Task objective:
Would you retype, word for word, the line with "5k $Lazy Giveaway 📣" and every line after it through the end of the records below?
─── Data extract
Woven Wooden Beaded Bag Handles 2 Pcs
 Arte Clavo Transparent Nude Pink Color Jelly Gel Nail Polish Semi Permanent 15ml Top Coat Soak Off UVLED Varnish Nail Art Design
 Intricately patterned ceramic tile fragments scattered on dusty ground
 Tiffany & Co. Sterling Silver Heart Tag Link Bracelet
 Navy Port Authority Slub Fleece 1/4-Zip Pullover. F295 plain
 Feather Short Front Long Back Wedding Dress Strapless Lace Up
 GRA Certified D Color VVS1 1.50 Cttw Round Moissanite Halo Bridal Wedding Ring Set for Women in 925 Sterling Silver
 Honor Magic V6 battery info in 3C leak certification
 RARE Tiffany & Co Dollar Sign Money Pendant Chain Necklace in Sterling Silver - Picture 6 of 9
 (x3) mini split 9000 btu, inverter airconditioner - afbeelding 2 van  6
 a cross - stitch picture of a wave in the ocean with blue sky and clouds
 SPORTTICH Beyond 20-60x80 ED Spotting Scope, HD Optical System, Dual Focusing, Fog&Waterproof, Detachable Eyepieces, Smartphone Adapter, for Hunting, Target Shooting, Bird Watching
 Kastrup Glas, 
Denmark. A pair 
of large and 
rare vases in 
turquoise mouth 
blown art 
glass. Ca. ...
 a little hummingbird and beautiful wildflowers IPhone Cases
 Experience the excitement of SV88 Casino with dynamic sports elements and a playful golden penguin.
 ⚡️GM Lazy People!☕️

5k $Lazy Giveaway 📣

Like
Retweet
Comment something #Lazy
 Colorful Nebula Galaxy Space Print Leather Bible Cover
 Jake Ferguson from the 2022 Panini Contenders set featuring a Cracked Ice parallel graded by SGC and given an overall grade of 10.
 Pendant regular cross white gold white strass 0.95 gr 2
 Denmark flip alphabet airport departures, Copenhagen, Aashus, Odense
──────
Solution below:
5k $Lazy Giveaway 📣

Like
Retweet
Comment something #Lazy
 Colorful Nebula Galaxy Space Print Leather Bible Cover
 Jake Ferguson from the 2022 Panini Contenders set featuring a Cracked Ice parallel graded by SGC and given an overall grade of 10.
 Pendant regular cross white gold white strass 0.95 gr 2
 Denmark flip alphabet airport departures, Copenhagen, Aashus, Odense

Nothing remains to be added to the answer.